Irene cerró la maleta.

— Lo justo.

Nada más.

Nada menos.

Salió del dormitorio con paso firme. En el salón se detuvo un segundo.

— Tienes dos opciones — añadió—. Me pagas mi mitad según tasación actual o ponemos el piso en venta. Decide tú.

Marta ya no decía nada.

La seguridad que mostraba por la mañana había desaparecido.

Miraba alrededor como si, de repente, el lugar ya no le perteneciera.

Porque no le pertenecía.

Irene se dirigió hacia la puerta.

Antes de salir, se volvió una última vez.

— Por cierto, Javier — dijo con serenidad—. La libertad no es dejar a alguien atrás. Es asumir las consecuencias de tus decisiones.

Y se fue.

La puerta se cerró con un clic seco.

Durante unos segundos nadie habló.

El café se había quedado frío sobre la mesa.

El piso, que hacía una hora parecía el escenario de una nueva vida, ahora parecía incierto.

— ¿Es verdad? — preguntó Marta en voz baja.

Javier no respondió enseguida.

Miró las paredes.

Los muebles.

La cafetera.

Todo aquello que había dado por sentado.

Sabía que Irene tenía razón.

Y por primera vez en mucho tiempo, no se sintió en control.

No era dueño absoluto de nada.

Ni del piso.

Ni de la situación.

Ni siquiera de la imagen que había querido proyectar.

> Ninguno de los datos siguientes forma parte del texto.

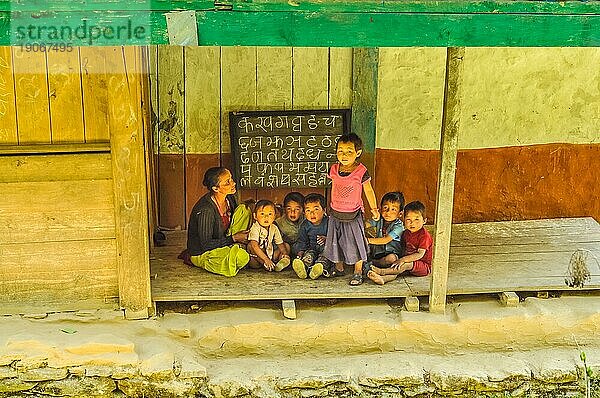 Kanchenjunga Trek  Nepal  etwa im Mai 2012: Kinder sitzen mit ihrer Lehrerin auf dem Boden und schauen in die Kamera in Kanchenjunga Trek  Nepal. Dokumentarischer Leitartikel  Asien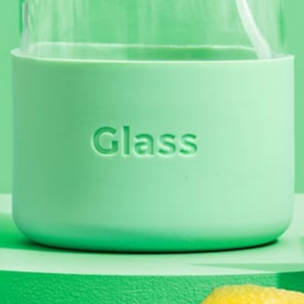Green glass container with 'Glass' text on a green background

Mientras tanto, Irene bajaba las escaleras del edificio sin mirar atrás.

No temblaba.

No lloraba.

Sentía algo distinto.

Alivio.

Había pasado años intentando sostener un matrimonio que se desmoronaba.

Ahora, por fin, se sostenía a sí misma.

Días después, el tasador confirmó el valor del piso.

El mercado había subido.

La mitad que le correspondía era una suma importante.

Suficiente para empezar de nuevo.

Y eso hizo.

Alquiló un apartamento luminoso en el centro.

Pequeño.

Suyo.

Pagado con su parte.

No necesitaba demostrar nada a nadie.

No necesitaba marcar territorio.

Porque entendió algo esencial:

No es dueña quien grita más fuerte.

Es dueña quien conoce su valor.

Y esa vez, la que realmente salió ganando no fue quien se quedó en el piso.

Fue quien salió por la puerta con la cabeza alta.